§ **WORK TO BE COMPLETED**: Each entry below should be echoed exactly, with pictures omitted.

§ **MATERIAL FOR THIS TASK**:
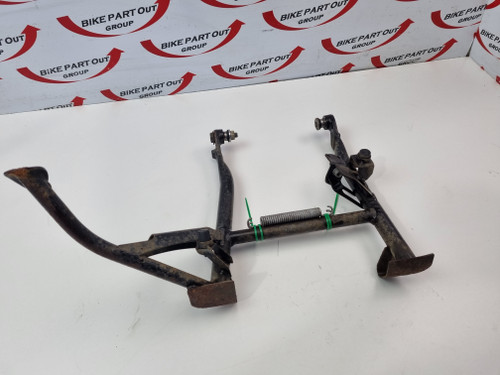 Centre stand std height BMW R1200 GS K25 46527684948 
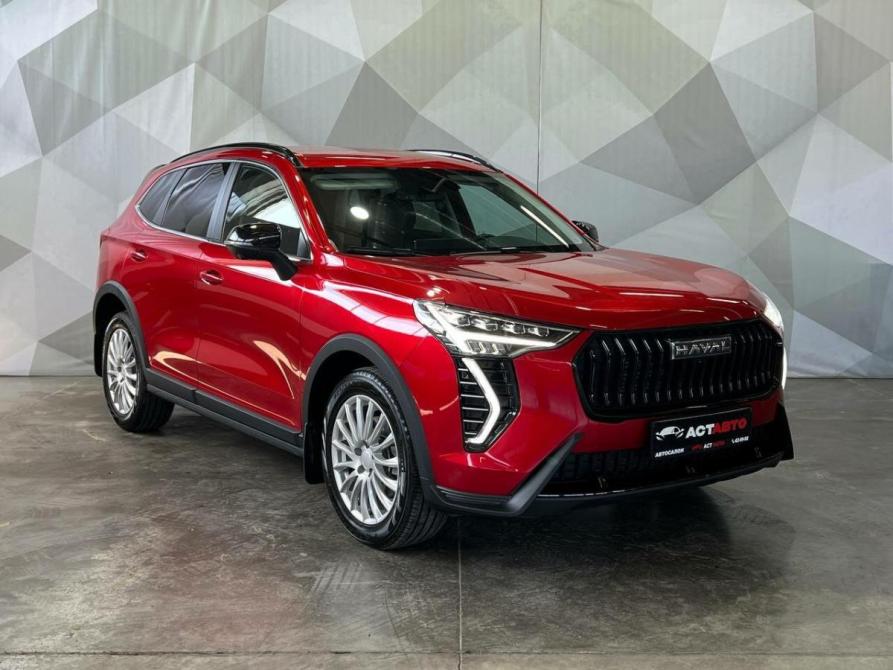 Haval Jolion I Рестайлинг Оренбург  - изображение 3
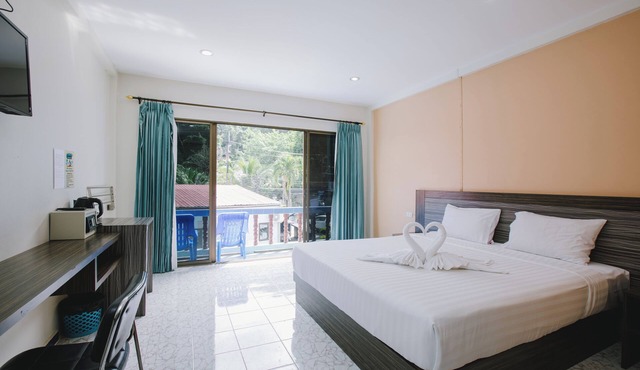 O'shop Residence Patong Beach in Patong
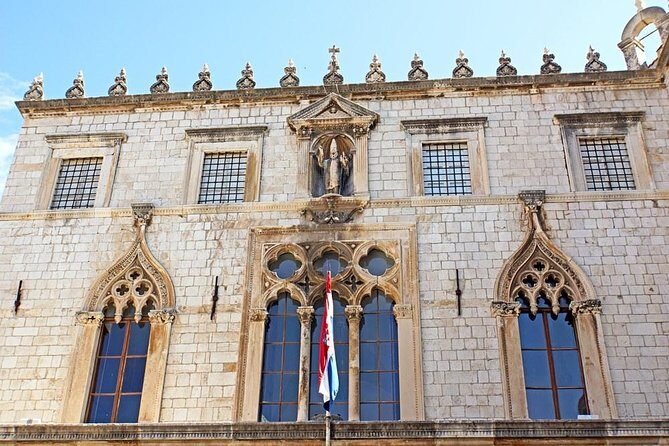 Explore Dubrovnik by Cable Car (ticket included) - FAQ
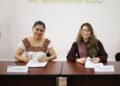 IEQROO e IQJ firman convenio de colaboración para impulsar la participación democrática de las juventudes universitarias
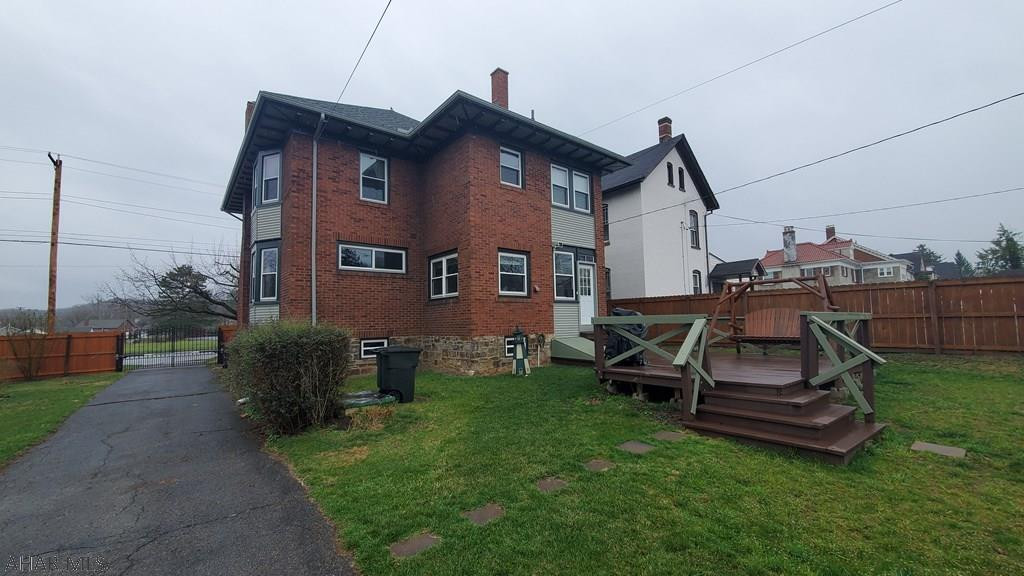 Hollidaysburg - Residential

§ **ANSWER SECTION**:
 Centre stand std height BMW R1200 GS K25 46527684948 
 Haval Jolion I Рестайлинг Оренбург  - изображение 3
 O'shop Residence Patong Beach in Patong
 Explore Dubrovnik by Cable Car (ticket included) - FAQ
 IEQROO e IQJ firman convenio de colaboración para impulsar la participación democrática de las juventudes universitarias
 Hollidaysburg - Residential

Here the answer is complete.